Concept

Christian ethics

Summary
Christian ethics, also known as moral theology, is a multi-faceted ethical system. It is a virtue ethic, which focuses on building moral character, and a deontological ethic which emphasizes duty. It also incorporates natural law ethics, which is built on the belief that it is the very nature of humans – created in the image of God and capable of morality, cooperation, rationality, discernment and so on – that informs how life should be lived, and that awareness of sin does not require special revelation. Other aspects of Christian ethics, represented by movements such as the social Gospel and liberation theology, may be combined into a fourth area sometimes called prophetic ethics. Christian ethics derives its metaphysical core from the Bible, seeing God as the ultimate source of all power. Evidential, Reformed and volitional epistemology are the three most common forms of Christian epistemology. The variety of ethical perspectives in the Bible has led to repeated disagreement over defining the basic Christian ethical principles, with at least seven major principles undergoing perennial debate and reinterpretation. Christian ethicists use reason, philosophy, natural law, the social sciences, and the Bible to formulate modern interpretations of those principles; Christian ethics applies to all areas of personal and societal ethics. Originating in early Christianity from 27 to 325 AD, Christian ethics continued to develop during the Middle Ages, when the rediscovery of Aristotle led to scholasticism and the writings of Thomas Aquinas (1225–1274).

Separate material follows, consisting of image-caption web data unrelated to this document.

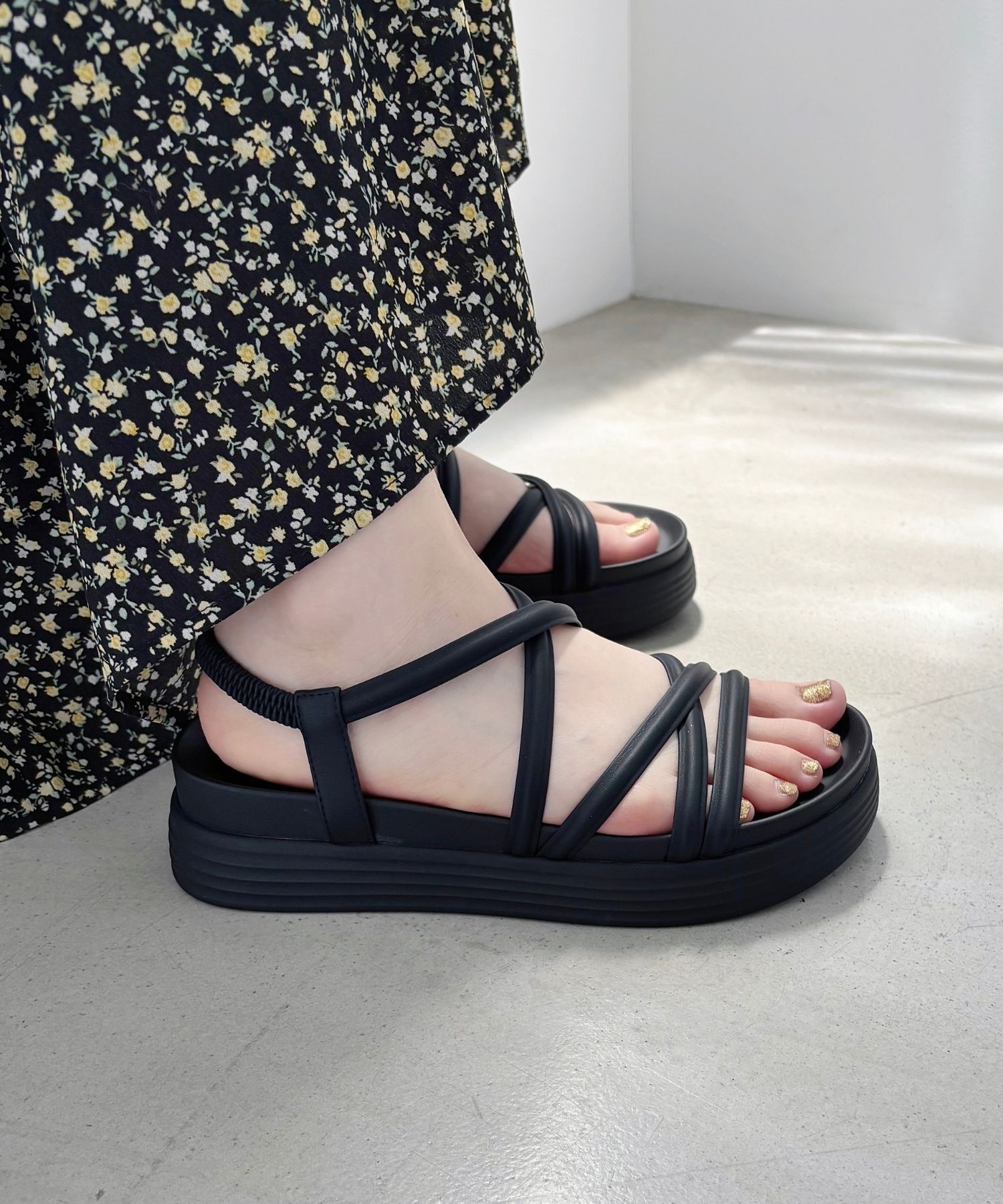 ORiental TRaffic「●2025春夏新作●クロスストラップ軽量ソールサンダル/51218 柔らかい フィット 人気 トレンド」|サンダル|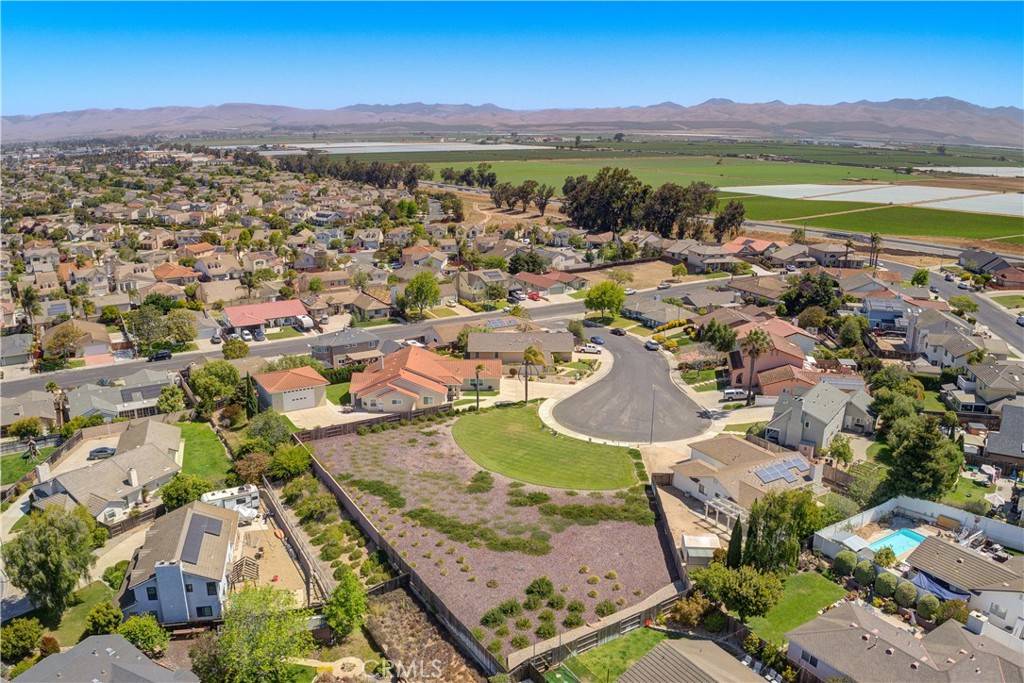 Santa Maria, CA 93455,2833 Starlite CT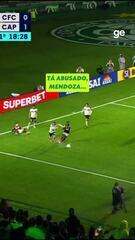 Mendoza tá soltinho em campo...⁣😅 ⁣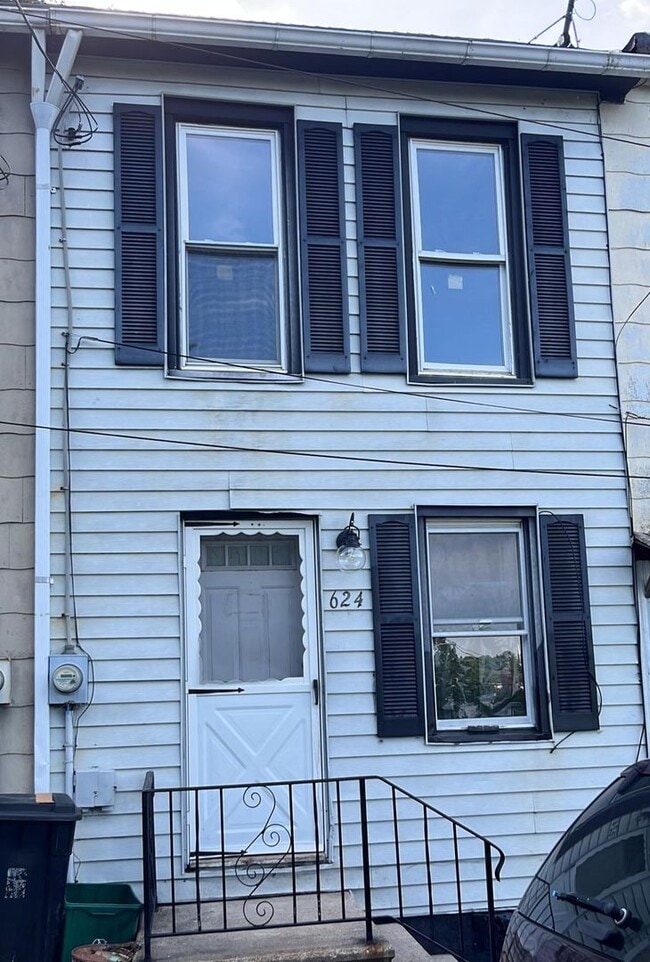 property at 624 S 17 1/2 St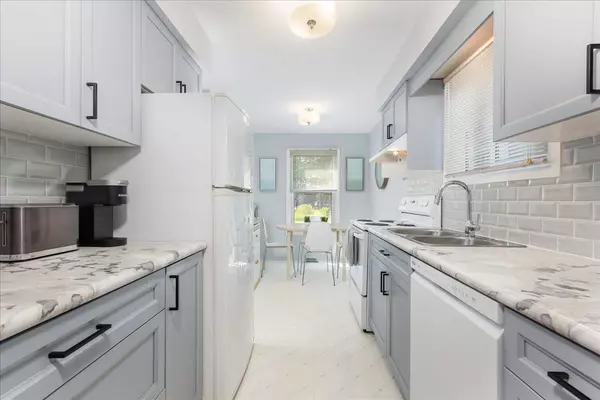 East Gwillimbury, ON L0G 1M0,86 Princess ST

The Reformation of the fifteenth and sixteenth centuries, the subsequent counter-Reformation, and Christian humanism heavily impacted Christian ethics, particularly its political and economic teachings. A branch of Christian theology for most of its history, Christian ethics separated from theology during the eighteenth and nineteenth centuries. For most scholars of the twenty-first century, Christian ethics fits in a niche between theology on one side and the social sciences on the other.